Gupta specifically accused left-wing politicians in West Bengal of encouraging illegal immigration to gain more (illegal) support in elections. “Their names are entered on voters’ lists, thus creating a vast vote-bank of aliens who legally have no right to vote in India.” he wrote. “This fraud has been perpetrated over the decades and the Congress has been its beneficiary in Assam, while in West Bengal the Left has used Bangladeshis to inflate its vote share significantly.”

Gupta focused on Assam, in India's extreme northeast, as a particular battleground. “Assam is facing external aggression and internal disturbance on account of large-scale illegal migration of Bangladeshi nationals and it becomes the duty of the Union of India to take all measures for protection of the State of Assam because it poses a threat to the integrity and security of the North-Eastern region," he declared.

Michael Kugelman, an expert on South Asian affairs at Woodrow Wilson International Center for Scholars in Washington DC, commented that if Modi is making a distinction between Hindu and Muslim immigrants, it would present a “big political gamble.” “Illegal immigration from Bangladesh is a very sensitive and controversial issue in India, and particularly in Assam, a region prone to xenophobic tendencies fueled in great part by the significant number of refugees entering that state from Bangladesh in recent years,” he said. “In effect, by supporting illegal Hindu immigrants, Modi would explicitly be showcasing his Hindu nationalist bonafides. Yet by taking a position that supports illegal immigration, he could also lose the votes of many conservative voters who categorically oppose it.”
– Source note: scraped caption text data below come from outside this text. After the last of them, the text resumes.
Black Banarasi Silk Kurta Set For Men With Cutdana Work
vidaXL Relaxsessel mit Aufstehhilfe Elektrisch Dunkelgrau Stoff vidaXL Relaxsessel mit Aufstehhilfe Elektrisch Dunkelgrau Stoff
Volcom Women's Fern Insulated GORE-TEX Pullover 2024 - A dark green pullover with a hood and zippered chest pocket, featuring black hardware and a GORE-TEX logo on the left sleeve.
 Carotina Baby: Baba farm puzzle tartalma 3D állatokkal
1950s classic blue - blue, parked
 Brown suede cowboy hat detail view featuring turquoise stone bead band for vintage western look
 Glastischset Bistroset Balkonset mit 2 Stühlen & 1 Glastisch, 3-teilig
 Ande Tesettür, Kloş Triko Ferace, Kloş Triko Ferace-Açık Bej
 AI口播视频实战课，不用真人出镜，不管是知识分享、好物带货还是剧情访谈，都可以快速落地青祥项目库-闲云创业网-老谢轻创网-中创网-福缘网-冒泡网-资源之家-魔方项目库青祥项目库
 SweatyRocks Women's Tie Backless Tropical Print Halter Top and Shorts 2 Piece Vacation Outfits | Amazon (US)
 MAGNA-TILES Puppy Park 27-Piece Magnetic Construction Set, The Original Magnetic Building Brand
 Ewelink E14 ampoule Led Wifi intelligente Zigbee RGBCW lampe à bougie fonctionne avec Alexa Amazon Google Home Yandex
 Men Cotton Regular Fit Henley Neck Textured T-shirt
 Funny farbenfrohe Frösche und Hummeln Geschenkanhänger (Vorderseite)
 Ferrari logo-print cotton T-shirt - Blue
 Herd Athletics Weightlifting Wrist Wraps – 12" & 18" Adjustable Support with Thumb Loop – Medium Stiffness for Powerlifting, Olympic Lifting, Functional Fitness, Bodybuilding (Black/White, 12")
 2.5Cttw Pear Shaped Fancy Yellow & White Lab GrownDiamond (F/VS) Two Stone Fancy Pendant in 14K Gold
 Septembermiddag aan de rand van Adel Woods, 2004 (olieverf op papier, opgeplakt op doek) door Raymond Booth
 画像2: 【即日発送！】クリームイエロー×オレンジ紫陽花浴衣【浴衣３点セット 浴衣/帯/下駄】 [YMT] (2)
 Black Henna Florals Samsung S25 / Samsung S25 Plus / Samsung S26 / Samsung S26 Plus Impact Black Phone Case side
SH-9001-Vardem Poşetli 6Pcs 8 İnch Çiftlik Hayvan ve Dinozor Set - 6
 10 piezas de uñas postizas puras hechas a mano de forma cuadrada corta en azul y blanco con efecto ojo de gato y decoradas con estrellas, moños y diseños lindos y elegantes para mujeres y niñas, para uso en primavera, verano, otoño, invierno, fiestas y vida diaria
Indeed, in West Bengal, where Muslims account for nearly 30 percent of voters, the chief minister, Mamata Banerjee, has been criticized by some Hindus for her pandering to Muslims. Their support played a crucial role in her victory in 2011 – a triumph that ended 30 years of Communist rule in the state. NDTV, an Indian television network, reported that by wooing the Muslim public of West Bengal, she has alienated many Hindus who will likely vote BJP to defy her. As for Banerjee, who is the leader of Trinamool Congress party, she has expressed her rejection of Modi and declared she will not support him in the national election. "I will not. We cannot support communal forces," she said of Modi, referring to the riots in Gujarat of 2002. "We cannot because India is a country with so many languages, caste and creed. We respect all religions."

Of course, some other voices in India also took grave exception to Modi’s rhetoric. Sikh24.com reported that the Dal Khalsa, a Sikh political organization based in Amritsar, Punjab, condemned Modi for again whipping up anti-Muslim propaganda. “India can’t have [an] immigrant policy based on religion. Either immigrants are acceptable, or unacceptable, irrespective of their religion, caste and creed,” said the party’s secretary for political affairs, Kanwar Pal Singh.

Jonah Blank, an analyst and senior political scientist at the RAND Corp., noted that Modi sentiments on Hindu immigrants “don't fit with a rebranded, economically-focused BJP. They're straight from the old Shiv Sena playbook of the 1990s," referring to an extremist Hindu fundamentalist group.

While criticizing Modi’s inflammatory language, Ganguly conceded that illegal immigration from Bangladesh is a very serious issue for India, one that most politicians are unwilling to tackle. “In areas of West Bengal and other border states, where communal tensions are already high, the influx of Muslims from Bangladesh only exacerbates such conflicts,” he noted.